Elden gidince kıymet bilen milletiz. Ardından “hey gidi,” demeyi severiz.
İmkânlar ölçüsünde ailece ülkemizin güzelliklerini görmeye çalışıyoruz. Epeyce şehir dolaştık. Hatıralar biriktirdik.
Hafta sonları ise direksiyonu yakın şehirlere kırıyoruz. Kastamonu’dayken Sinop, Ankara, Çankırı, Bartın, Karabük’tü. Şimdi ise Bursa, Sakarya, İstanbul…
Bu hafta sonu gözümüze Sakarya’yı kestirdik. Amacımız ormana gitmek bir iki saat yürüyebilmekti. Hava da o kadar güzeldi ki apar topar çantalarımızı hazırlayıp Sakarya’ya doğru yola çıktık.
Yol kısa. İki adımlık mesafe. Düşünün ki Sakarya’da okurken oturduğum evden üniversiteye giderken katettiğim mesafe, İzmit’teki aile evimden gidip gelirken aldığım mesafeden uzundu.

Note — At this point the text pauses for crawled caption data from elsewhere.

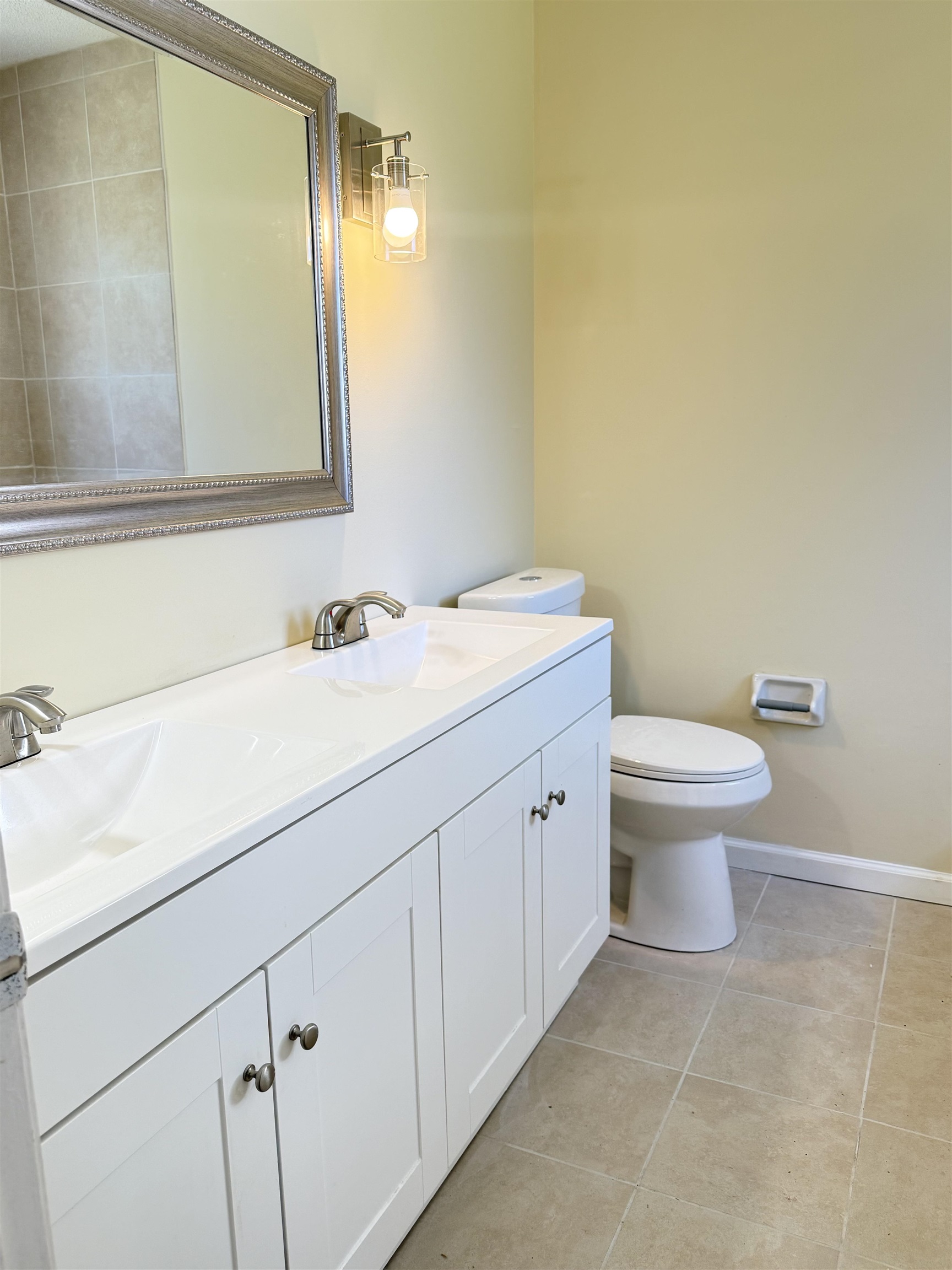 4418 Spring Park Drive Memphis, TN 38141 - Photo 12 of 12 a bathroom with a granite countertop sink and a toilet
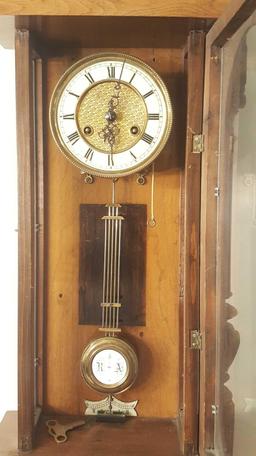 Antique wall clock, fancy case, running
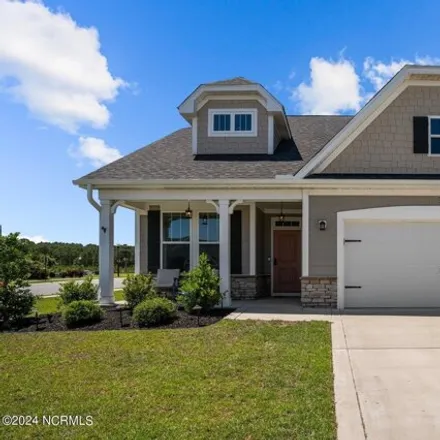 Buy this 4 bed house on Whispering Willow Cove in Leland, NC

Sakarya’nın hem sanayisiyle hem de bilhassa mısır ve fındık tarımıyla meşhur ilçesi Ferizli’ye doğru yol alıyoruz. Poyrazlar Gölü’nün orada olması beni Ferizli’ye çekiyor. Ve akrabalık bağları.

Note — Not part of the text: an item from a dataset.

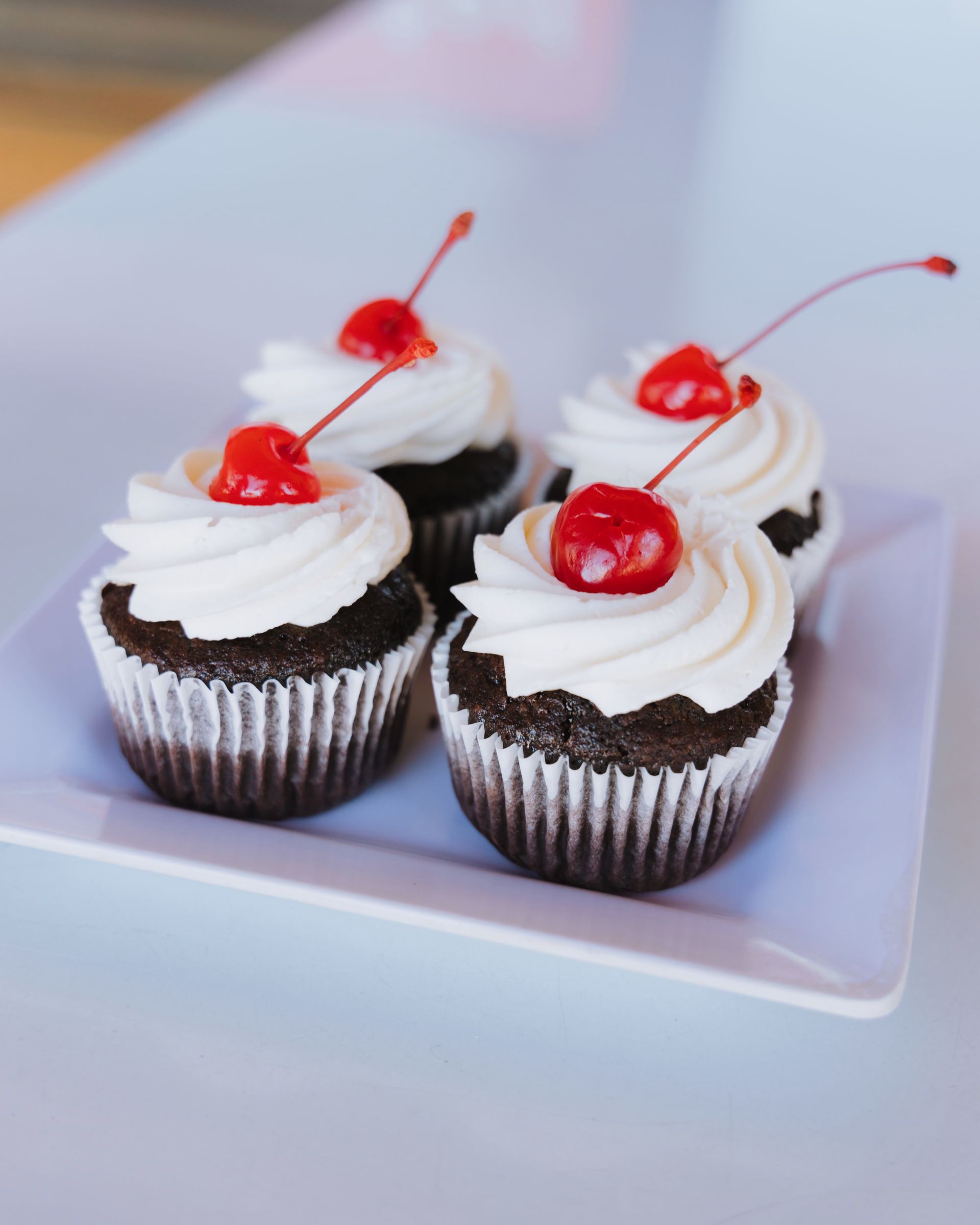 Four chocolate cupcakes with white frosting and cherries on top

Karadeniz’den uzun yıllar evvel göçen aileler Zonguldak, Düzce, Bolu, Sakarya ve Kocaeli’yi yurt edinmişler. Aynı ailenin fertleri. Nefeslenmek için duran, göçünü sırtından indiren kalmış orada. Bizim ailemiz için de geçerli bu.
Çoğu aileye şunu sorsam, cevabını alırım: “Araklı’nın neresindensin?” Oralı değilim, demesi zor ihtimal.

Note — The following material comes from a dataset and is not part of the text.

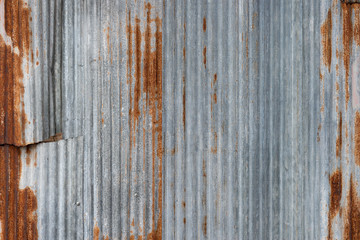 Rusted galvanized iron texture..Closeup of flaw old zinc sheet partition with rusted texture in...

Ferizli’de yolumuz Damlık Köyüne düşüyor. Köy değil de mahalle diyelim. Artık öyle deniyor.
Damlık, Ferizli’nin aşağı yukarı 700 nüfuslu bir mahallesi. İlçe merkezine yakın. Köye giden birkaç yol var. Ben Google Amca’nın ilk gösterdiği yolu seçiyorum. Organize sanayinin içinden götürüyor beni.
Damlık köyünde bir iki senedir hareketlilik var. Cezaevi inşaatı dolayısıyla. Çok sürmez, yakın zamanda ilçe bu köye doğru genişler. Arayı dükkanlar, evler doldurur. İyi mi olur yoksa kötü mü, zaman gösterir.
Ferizli Cezaevi köy merasının olduğu yerde inşa ediliyor. Köyü ve cezaevini geçiyor, ormanlık alana ulaşıyoruz. Oh… Derin bir iç çekişi… Memleketin her köşesinde yürüsem, yürüsem, yürüsem…
İki saat kadar yürüdük. Yolda kuşların sesini, hayvanların izlerini takip ettik. Durduk, soluklandık, yürüdük…
Dallardan meyveler topladık. Böğürtlen, döngel (muşmula), yemişen, kestane… Dallardan topladıklarımızı yedik, yanımızda getirdiklerimiz üzümleri de dallara astık. Değiş tokuş.
Kayınpederim ormanın dilinden anlıyor. İzlerinden, sesinden anlıyor nerede ne var. Bir de türkü açıp mırıldanıyor sırtını ağaca yaslayıp. Gurbet, söyletiyor.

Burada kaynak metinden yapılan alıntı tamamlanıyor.